“How many of you have used the ‘n’ word?”
Hands hesitantly rose from a crowd of about 40 people of mixed ethnicities.
Every single person in the audience at Malik Fraternity’s Real Negus presentation on October 10, 2013 admitted to using this word whether derogatorily or just in passing.
The purpose of the event was to explore the evolution of this word that has so much, or so little meaning in society our today.
Members from different classes of Malik presented the history of “negus,” which dates back to the Ethiopian term for royalty.
A word used for kings became depreciated to the term used for slaves in America in the time of slavery.
Now it is passed around casually in pop culture and has trickled down to become a slang word like twerk or rachet.
Has society lost touch with where this word came from?
That was what Malik asked the panel of two caucasion and two black student judges: Gabe Ruttner – Caucasian, Kalin Sims – African American Jasmine Haefner – Caucasian and Esther-Lauren Mutolo – African American.
Mutolo began the discussion with a personal experience of when she was called the “n” word in elementary school.
“I felt bad for the girl,” said Mutolo. “At such a young age, she knew what it meant and used it in a hateful manner.”
The discussion then opened up to the audience as questions were raised about why the ‘n’ word is used, how it is used and if that’s ok.
“It wasn’t that it was ok, that’s just the way we talked,” said Jasmine, a panelist.
The audience joined in with their own opinions giving perspectives from completely different socioeconomical backgrounds as well as ethnicities.
Pascal Messaussa, a Malik brother and graduate student, has been trying to bring awareness to his generation for the past four years. This was his brainchild and finally he’s seen a productive, educational debate on something that matters to him.
“I’ve never seen such effective discussion from a really respectful audience,” said senior psychology major, Bahtara Keita.
“I just want people to think about it before they talk,” said Messaussa.

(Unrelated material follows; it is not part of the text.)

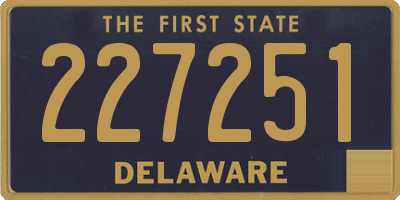 DE license plate 227251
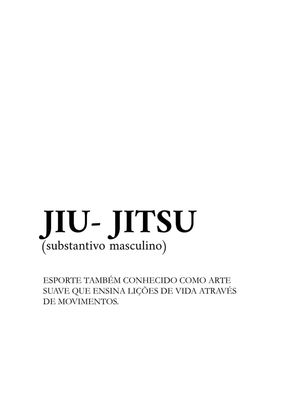 JIU JITSU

Jasmine Haefner, an editor at The Press, was a panelist but had no part in the writing of this piece.
A redheaded, blue-eyed girl sitting in the audience, I am the minority.
It’s not something where I feel uncomfortable. I’m intrigued to hear mixed races discuss an issue that hits so close to home.
Raised in the south, the “n” word has never been something I considered casual. The only time it was used was with the hard –er. It just was not something we threw around.
I am lucky enough to have been raised by two parents who taught me that no one—regardless of their skin tone—should be reduced to labels. In third grade we learned about the slave age. To help us understand how people were treated then, each day of an entire week a part of the class was separated by some sort of physical characteristic. I’ll never forget standing with the blue-eyed kids in the back of the line to the cafeteria and sitting at our isolated table in silence. I have never felt so ashamed of something I was born with—even as a ginger.
Moving to New York was a huge culture shock. People were carelessly using “nigga” instead of “dude” or “biddie” all around me. It was normal.
I’ve never thought of it as a “term of endearment” like the majority of the audience at Real Negus concluded.
Yes, it’s used in lyrics all the time, and yes even I’ve said it. And while I understand it has become part of our vernacular, every time I hear it coming out of my mouth I immediately feel ashamed.
This isn’t because I’m a white girl, raised in the south. It’s simply because I know it is still used to segregate an entire race.
What I took away from the presentation was it’s not “should we use it or shouldn’t we.” The point the brothers of Malik made in their presentation was to understand what you are saying before saying it.